Rocco Ristorante is an old school Italian joint down in the Village that’s been around for years. It has become one of our more standard destinations for Sunday night dinner with the family, as the restaurant serves solid food at pretty reasonable prices. The atmosphere is warm and homey, with lots of pictures hanging on the wall with all of the famous people who have dined there.
Our meal always starts with a round of bruschetta on the house. Thick slices of toasted Italian bread are covered with chopped tomato, a little bit of chopped onion, some garlic, basil, and a healthy dose of olive oil. It’s a simple dish but always perfectly seasoned and delicious.
The regular bread is decent, though it’s better when served warm. It has a somewhat crispy crust but the insides are a bit dense. I like the chewiness though, and it’s slightly sweet, perfect for slathering with salty butter.
Josh and I went halfsies on a caesar salad and the beef carpaccio. The menu says that the caesar is served for two, but they never give us any problems when we order for just one person. The dressing is really well prepared, creamy but not gloppy or overwhelming. I like the homemade croutons, which add a nice garlicky crunch.
The beef carpaccio is a huge portion of thinly sliced raw beef on top of a bed of arugula. There are big chunks of shaved parmesan cheese on top, which I love. It’s lightly dressed with just a little olive oil and salt, and I always squeeze some lemon over the top and get a nice crank of freshly ground black pepper. The beef always tastes fresh and slightly sweet, pairing perfectly with the salty parmesan, bitter arugula, and tangy lemon juice.
Linguine with white clam sauce is one of Josh’s favorite dishes, and they prepare it very well at Rocco. The pasta is always al dente, and there are lots of big, juicy clams scattered on top, still in their shells. The sauce is heavy on the garlic, which we enjoy, but is still light and not overly greasy. The flavor of the clams definitely takes center stage.
I usually get the chicken parmesan but on this particular evening, I decided to go with the veal. Both renditions are very good, with thick cutlets pounded out a bit and nicely breaded and fried. There’s lots of mozzarella cheese melted on top, and the red sauce is definitely a high point – sweet and tangy. I actually don’t have a preference between the chicken and the veal. Both are flavorful in their own way, and the meat is always tender. I just wish the restaurant would serve the dish with a side of pasta instead of the boring, mushy, buttery vegetables (carrots and zucchini this time) that come on the plate.

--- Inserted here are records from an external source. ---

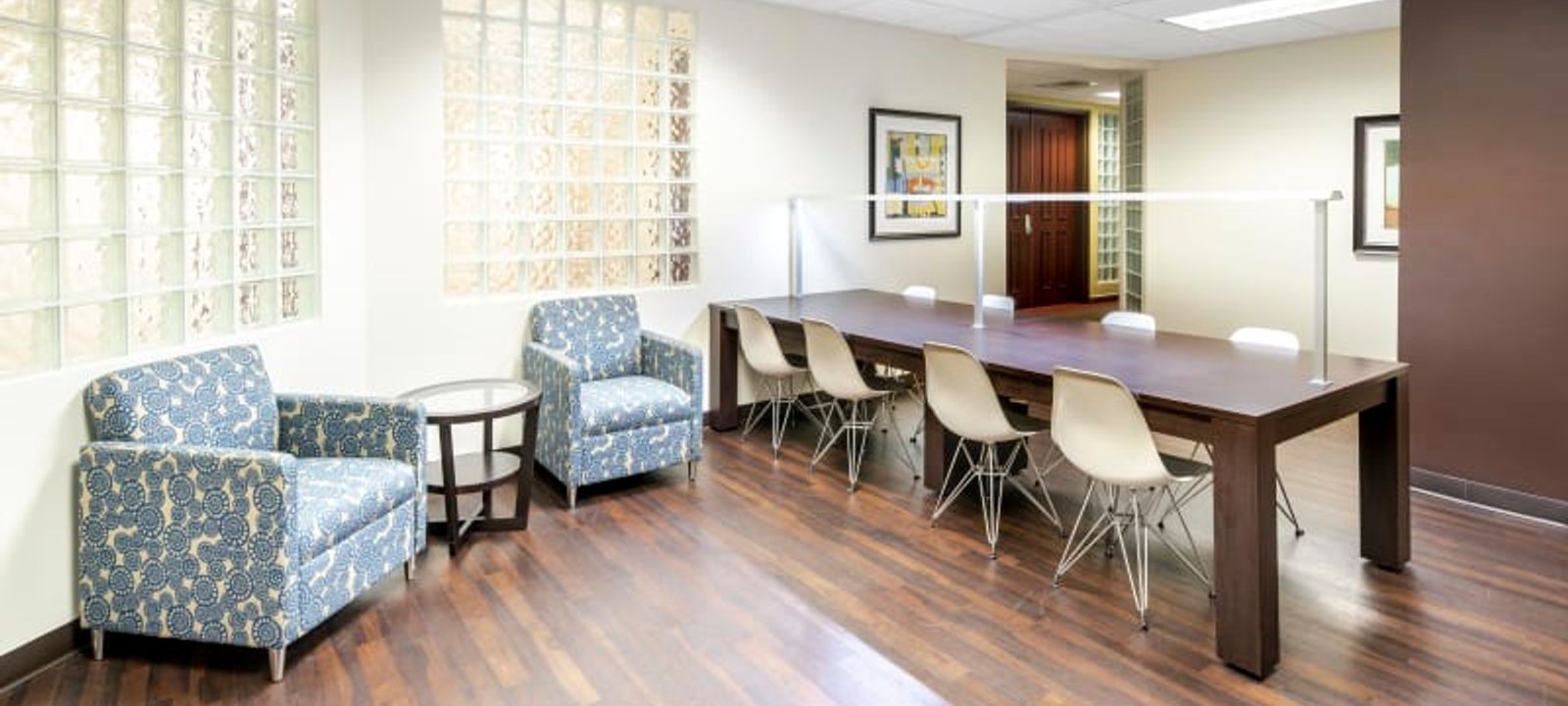 4651 Salisbury Road, Jacksonville - Image 1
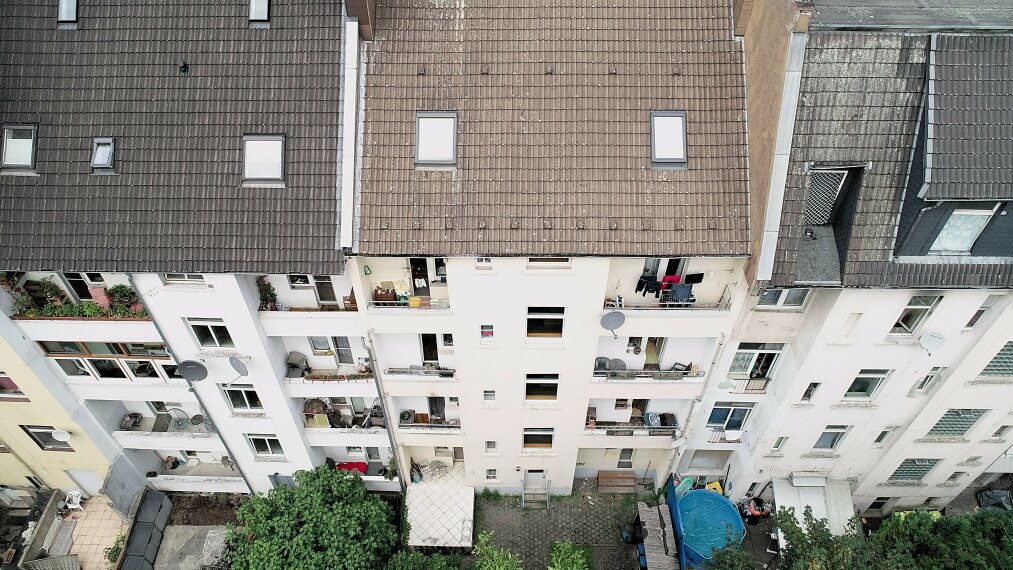 DJI_0423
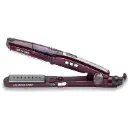 BABYLISS STRAIGHTENER STEAM FUNCTION  UP TO 230°C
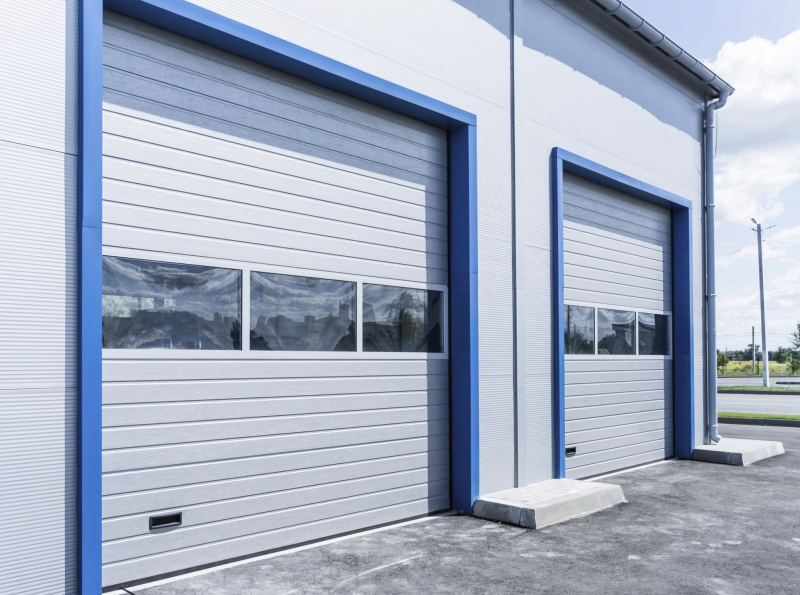 Окна в Нефтекумске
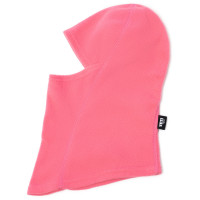 Uncle Yeti Mbala PINK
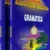 Enciclopedia Audiovisual Educativa de GRAMÁTICA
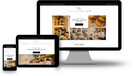 Strony internetowe WordPress szyte na miarę - 6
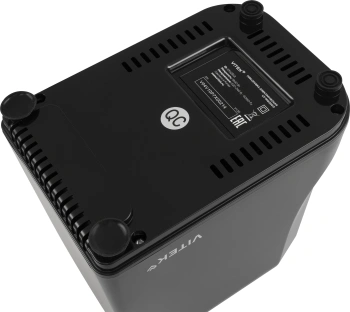 Мясорубка Vitek VT-MG3600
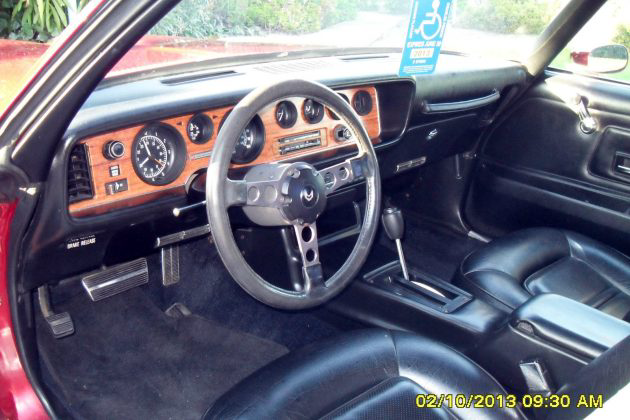 1975-pontiac-firebird-formula-interior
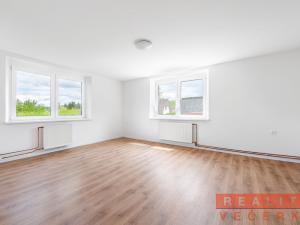 Pronájem rodinného domu, Cheznovice, 220 m2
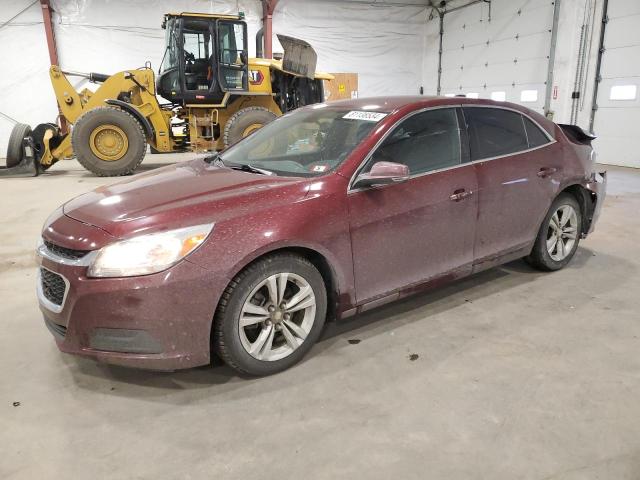 chevrolet malibu 1lt 2015 1g11c5sl8ff115315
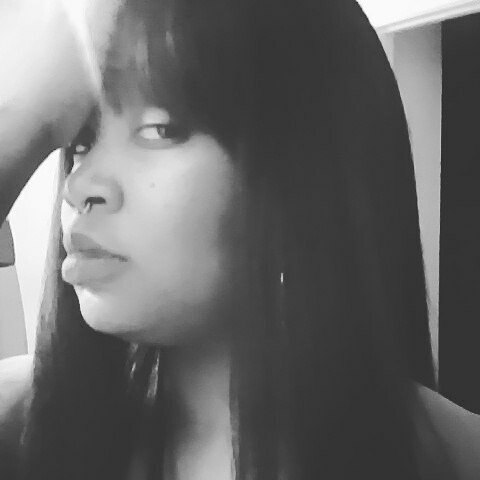 Instagram Profilbild von lickyourlipscocktails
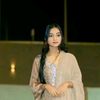 afifa.saba7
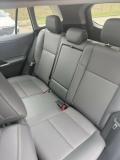 Toyota RAV4 VI (XA60) Москва  - изображение 55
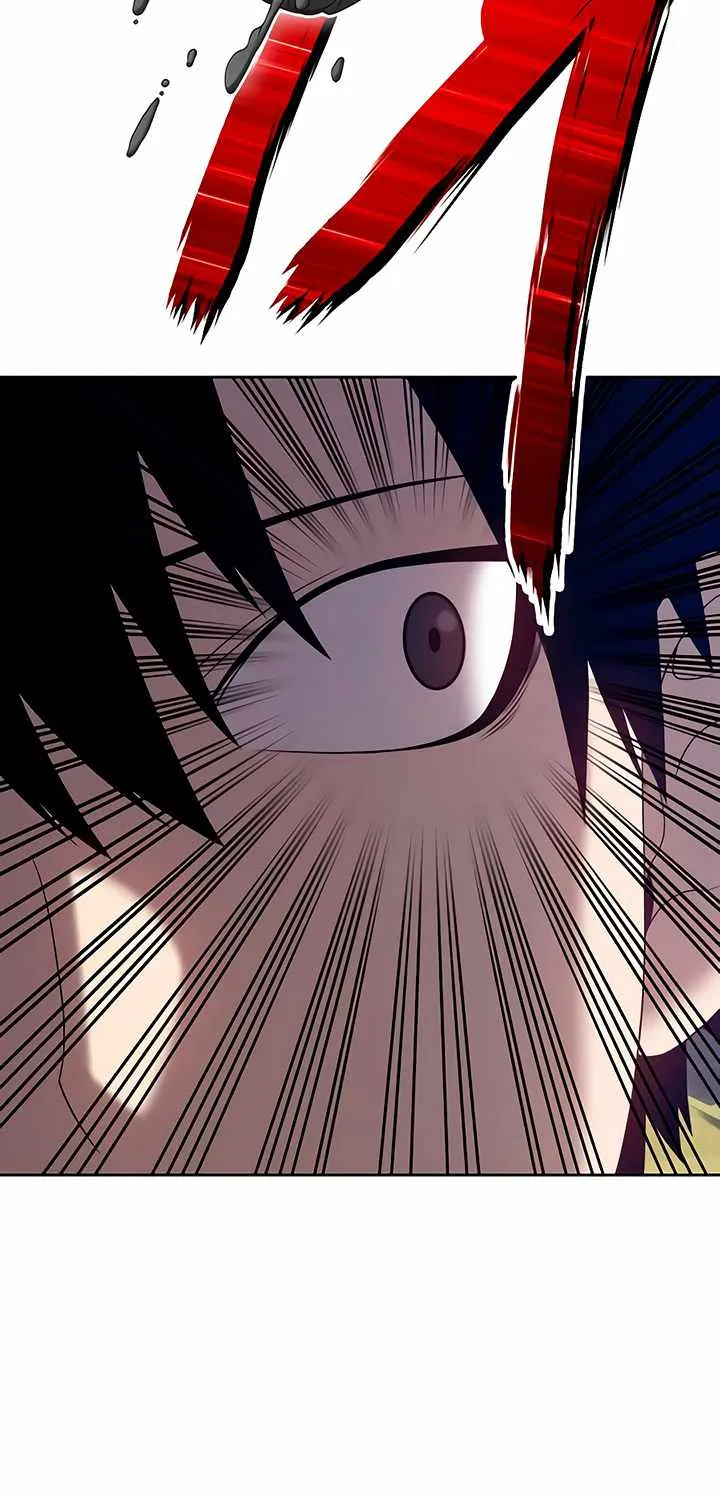 +99 Wooden stick (manhwa) Chapter 20 page 147 - 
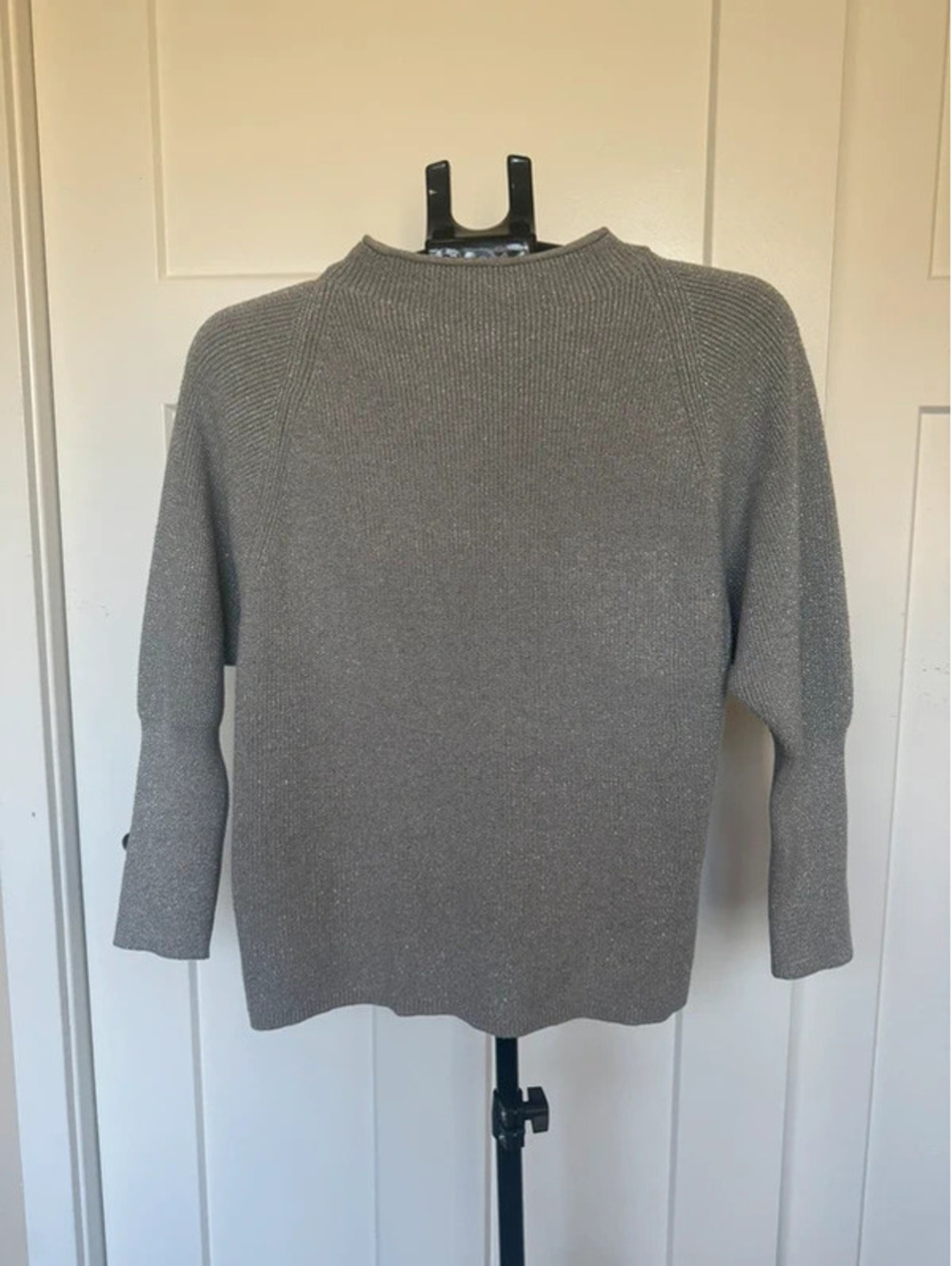 Maurices Top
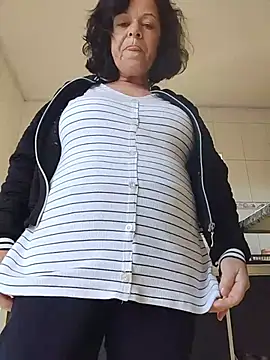 Snapshot of mariy522 chatting on 14, 7, 2026 mariy522 online show from 14, 7, 2026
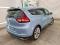 preview Renault Scenic #2
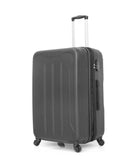 HERO - Valise Grand Format PIRIN-S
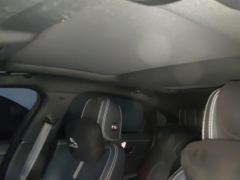 Jaguar XFL P250 AWD Edition - photo 15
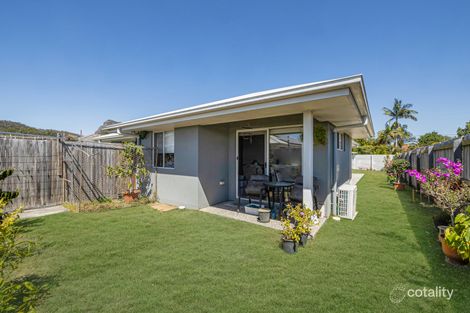 Property photo of 2/17 Poole Road Glass House Mountains QLD 4518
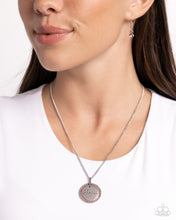 Load image into Gallery viewer, Glam-ma Glamorous - Pink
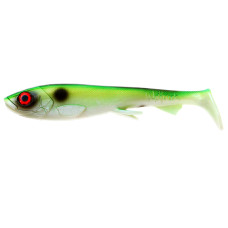 Віброхвіст Wolfcreek Shad 24 cm WCK-002B #WC013R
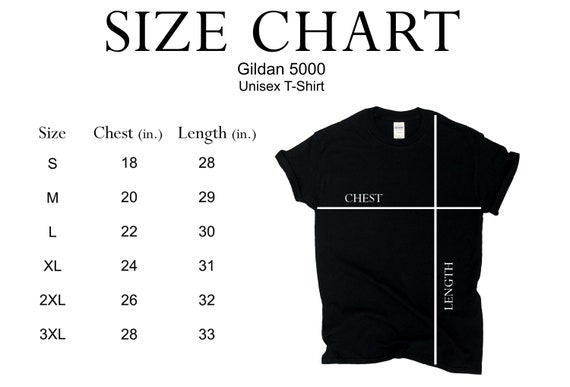 Well Shit Black Unisex Short Sleeve T-shirt With FREE SHIPPING - Etsy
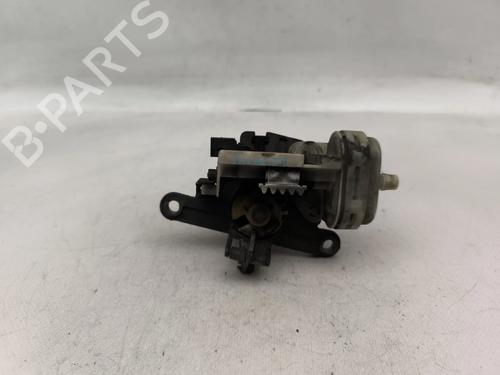 Other AUDI A4 B5 (8D2) 1.9 TDI | BP33161775O1 - Image 4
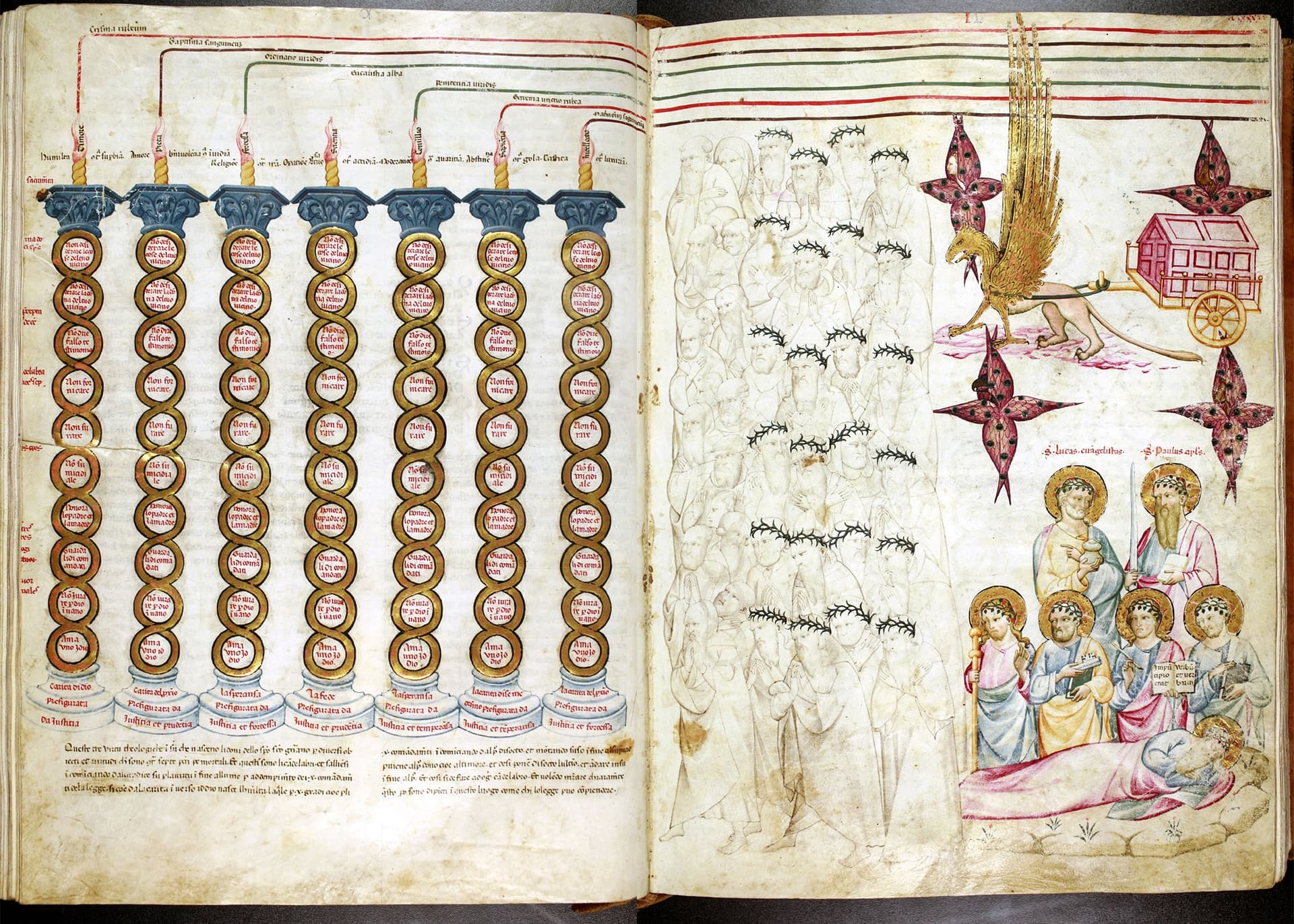 02 14 BNN XIII C 1 195v 196r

We don’t always get dessert but we’ve tasted the tiramisu before, which is always good. The zabaglione with fresh strawberries, however, is incredible. The zabaglione is thick, creamy, and rich, not too overpowering with alcohol flavor, and goes perfectly with sweet strawberries. Josh’s sister was tempted to lick the bowl clean, that’s how delicious it was.
Overall we always leave Rocco full and satisfied. The food is uncomplicated but solid Italian fare. The menu has all of the classic dishes, and nothing is ever a surprise. They have a great red sauce, which is important for any Italian restaurant. Service is always warm and accommodating, and the atmosphere is low key. I’m sure the restaurant will continue to be a part of our Sunday night tradition.
181 Thompson St. between Houston and Bleecker St.